Where did I go wrong?
Thanks Sethu
That's not the output file you need. Don't use the
-o
option unless you need to debug something or have other special needs. Instead, usehtseq-count [options] file.sam annotation.gtf > output.txt
. The output file will then be small and what you actually need.yes, I did the same way as you suggested, but the text file itself contains the above data with 10 gb size
No, you didn't do what I suggested, or else the file snippet you posted would have never been produced. Post the exact command you used with nothing removed.

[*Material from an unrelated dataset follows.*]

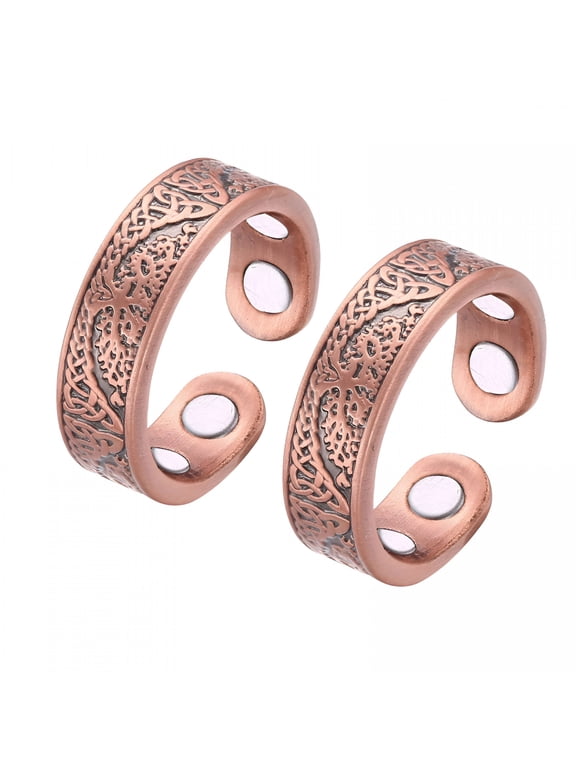 2026 New Magnetic Pure Copper Rings Jewelry Set for Women Men, Copper Rings for Women, Gift for Mom Wife for Daily Wear, Party, Casual Wear Adjustable, 2Pcs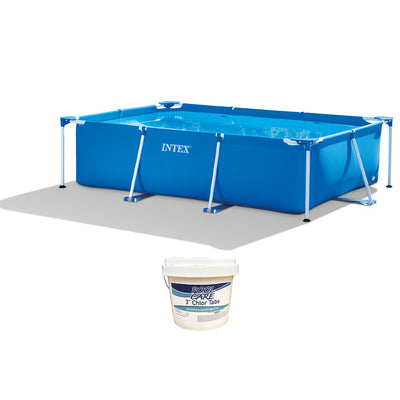 Intex 9.8ft x 29.5in Frame Outdoor Above Ground Swimming Pool & Chlorine Tabs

Hi, following is the pipeline i have used:
samtools sort -n accepted_hits.bam accepted_hits_bam_sorted
samtools view -h accepted_hits_bam_sorted.bam >accepted_hits_sorted.sam
htseq-count -s no -i gene_id -o htseq_P-6_PA_results.txt accepted_hits_sorted.sam gencode.v17.annotation.gtf
Yes, exactly, so you didn't do what I suggested ("Don't use the
-o
option..."). Instead you needhtseq-count -s no -i gene_id accepted_hits_sorted.sam gencode.v17.annotation.gtf > htseq_P-6_PA_results.txt
though you could also just skip a step in your pipeline andsamtools view accepted_hits_bam_sorted.bam | htseq-count -s no -i gene_id - gencode.v17.annotation.gtf > htseq_P-6_PA_results.txt
. Technically you could pipe in the sort step too, but that won't really save you much time.Thank you for your prompt reply.